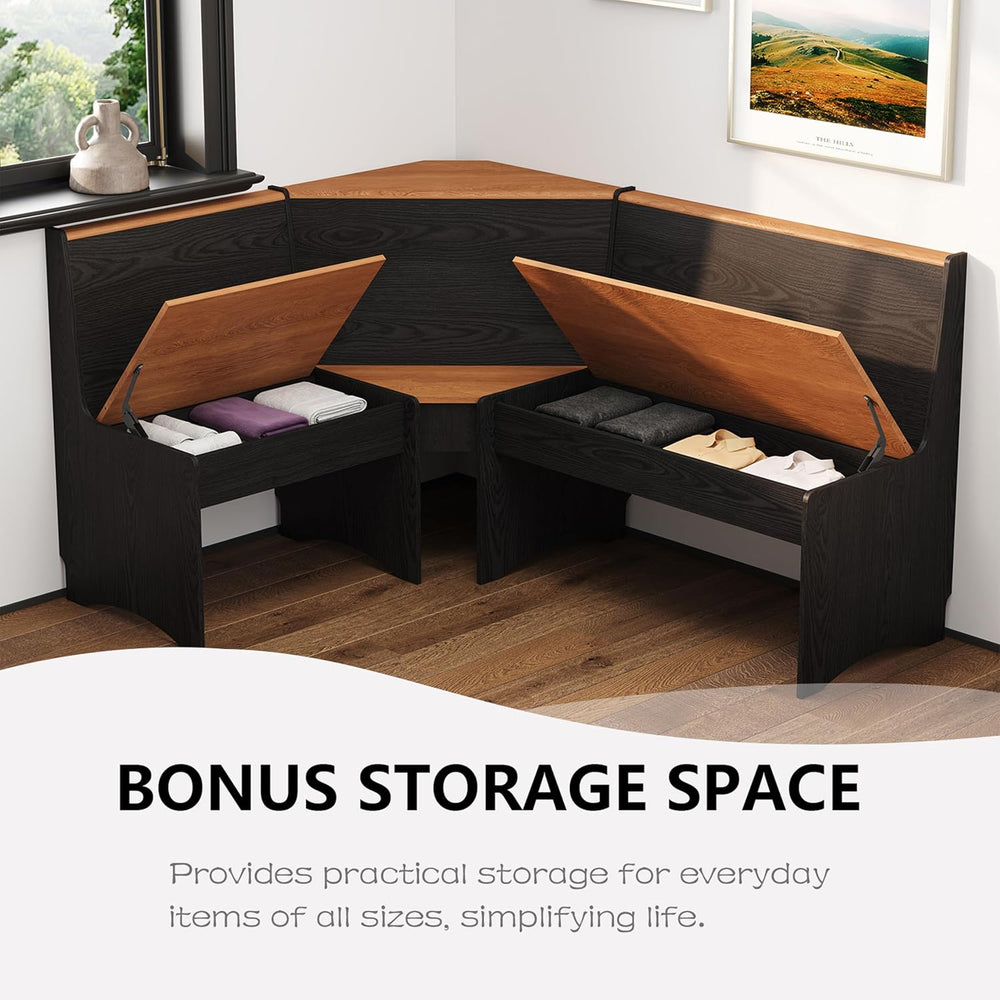 Farmhouse Breakfast Nook Table Set with Corner Bench (Black + Natural)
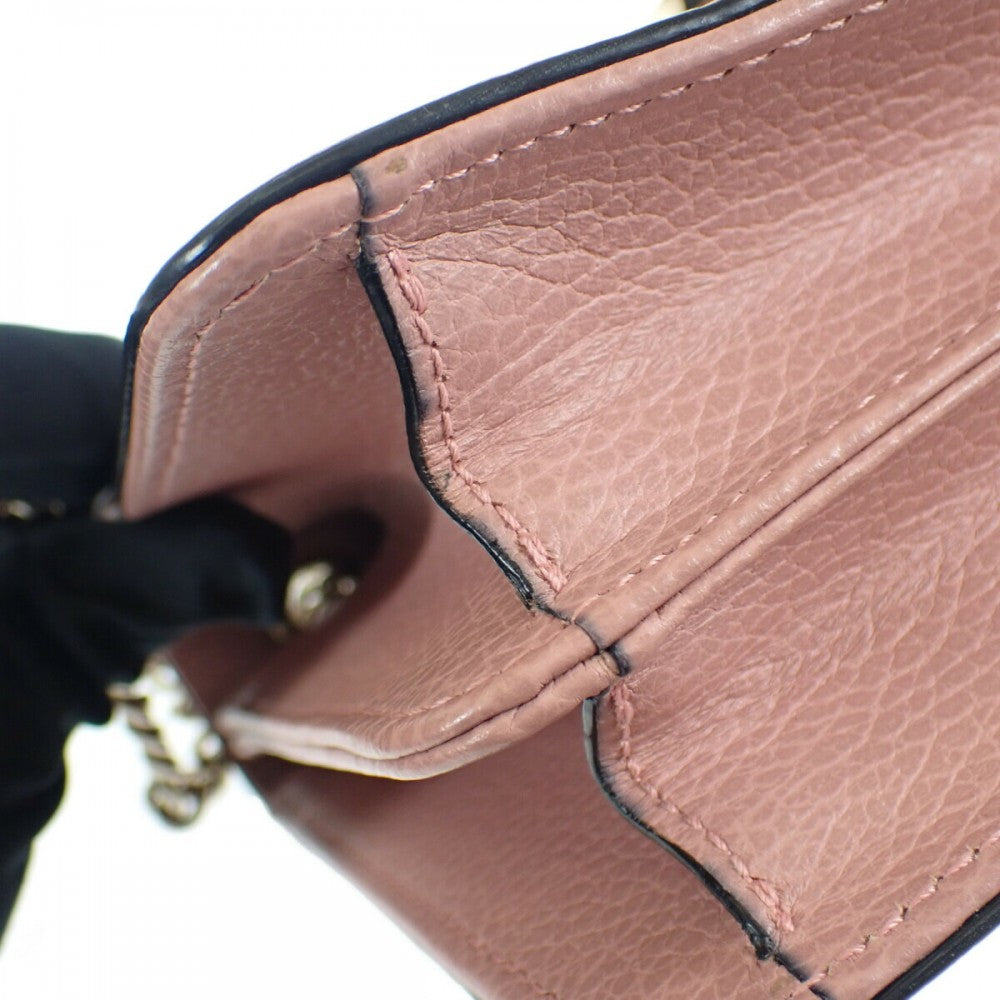 グッチ GUCCI インターロッキングG アウトレット ショルダーバッグ カーフ ピンク ゴールド金具 レディース【中古】【ABランク】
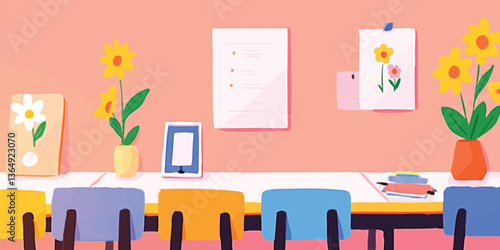 A bright and cheerful classroom setting, filled with vibrant floral decorations and organized learning materials, exuding an atmosphere of positivity and creativity.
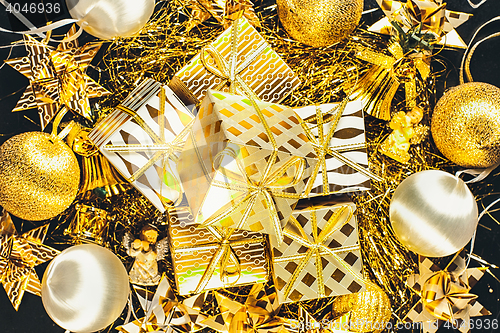 Image of Golden Christmas Background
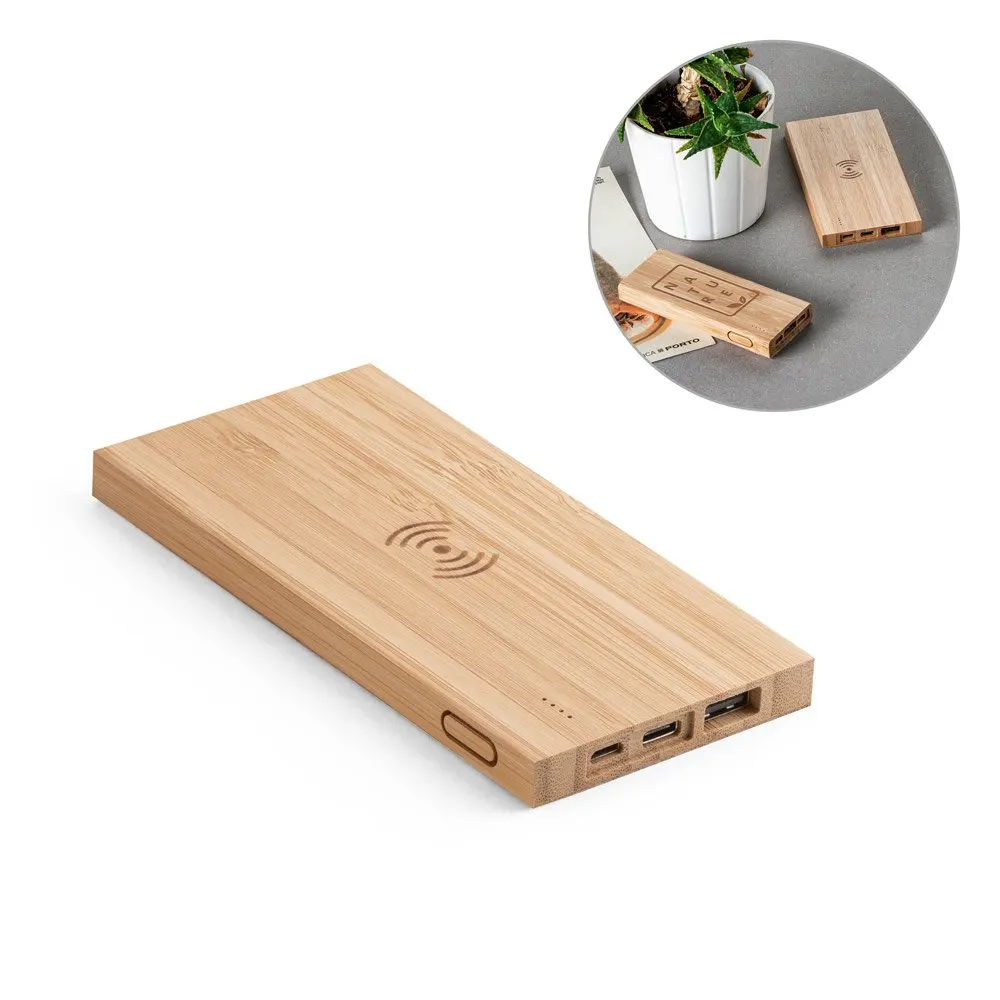 Bateria portátil com carregador wireless super-rápido em bambu 5’000 mAh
━━━━━━━━
| About this exercise |
Please make an exact copy of the records, leaving out any picture.

| Written reply |
 Farmhouse Breakfast Nook Table Set with Corner Bench (Black + Natural)
 グッチ GUCCI インターロッキングG アウトレット ショルダーバッグ カーフ ピンク ゴールド金具 レディース【中古】【ABランク】
 A bright and cheerful classroom setting, filled with vibrant floral decorations and organized learning materials, exuding an atmosphere of positivity and creativity.
 Image of Golden Christmas Background
 Bateria portátil com carregador wireless super-rápido em bambu 5’000 mAh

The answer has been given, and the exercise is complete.